- [Data for the task]:

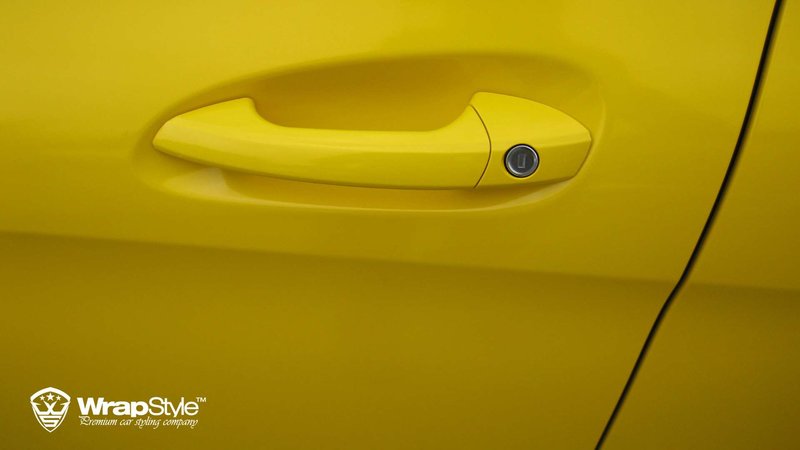 Mercedes B - Yellow Gloss wrap - img 2 small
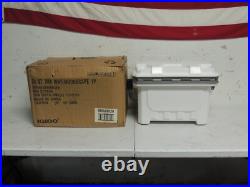 Igloo 24 qt IMX Lockable Insulated Ice Chest Injection Molded Cooler, White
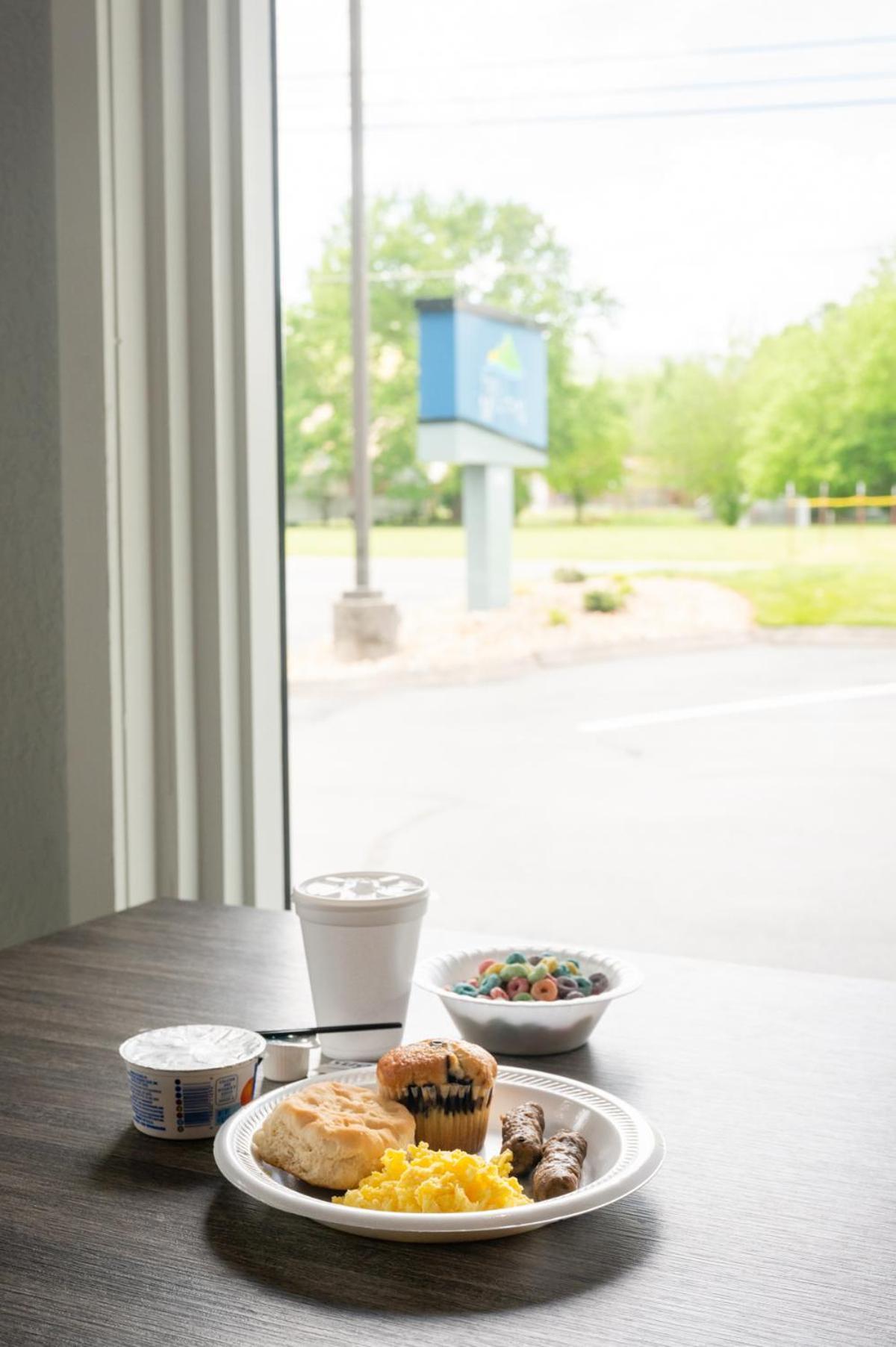 Twin Mountain Inn & Suites photo 60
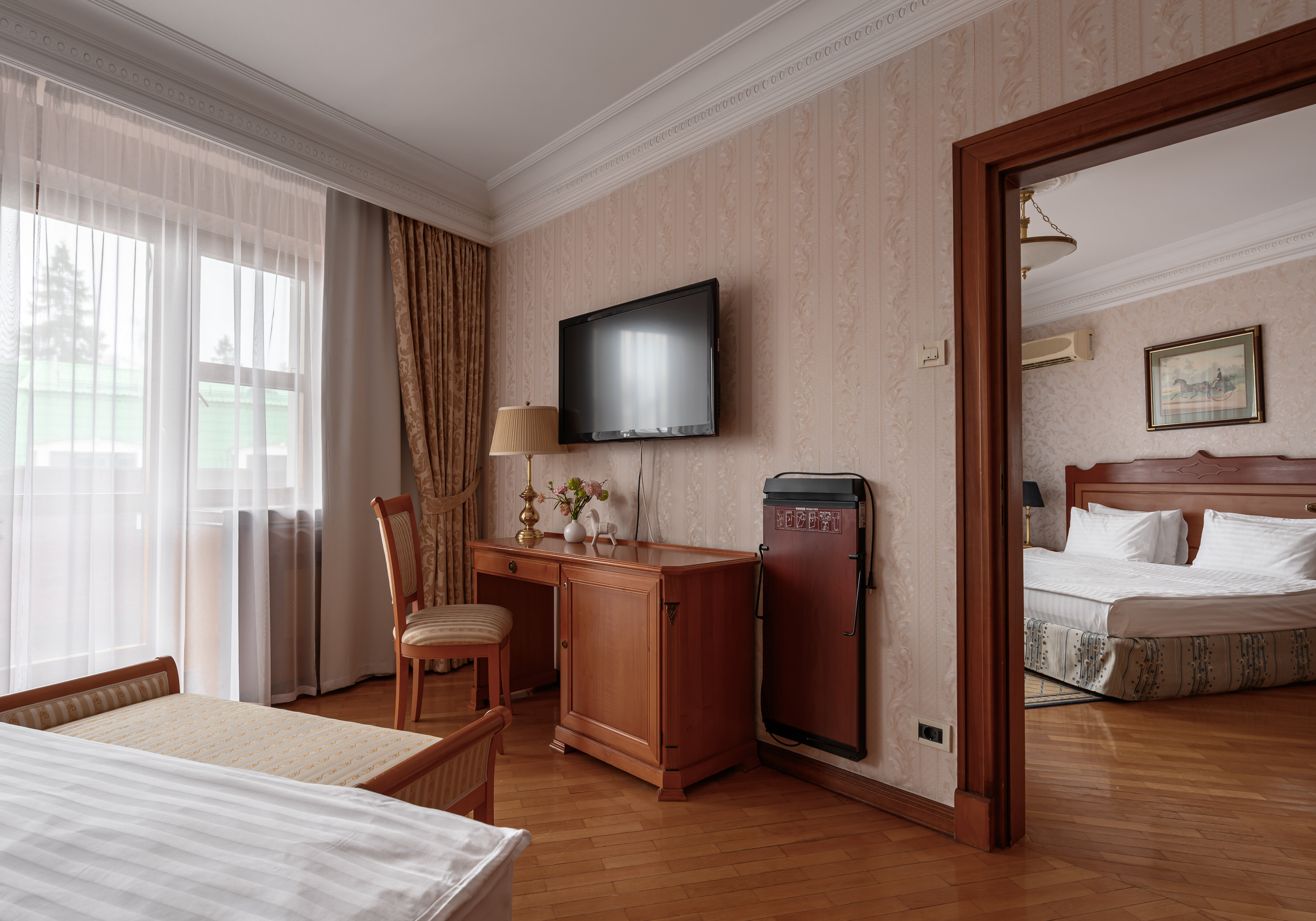 Улучшенный люкс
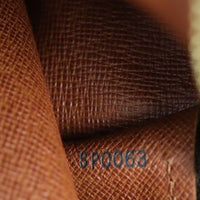 Louis Vuitton Papillon 30 Monogram Date code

- [What you need to do]: Set down the material once more, exactly, with the pictures omitted.

- [Task result]:
 Mercedes B - Yellow Gloss wrap - img 2 small
 Igloo 24 qt IMX Lockable Insulated Ice Chest Injection Molded Cooler, White
 Twin Mountain Inn & Suites photo 60
 Улучшенный люкс
 Louis Vuitton Papillon 30 Monogram Date code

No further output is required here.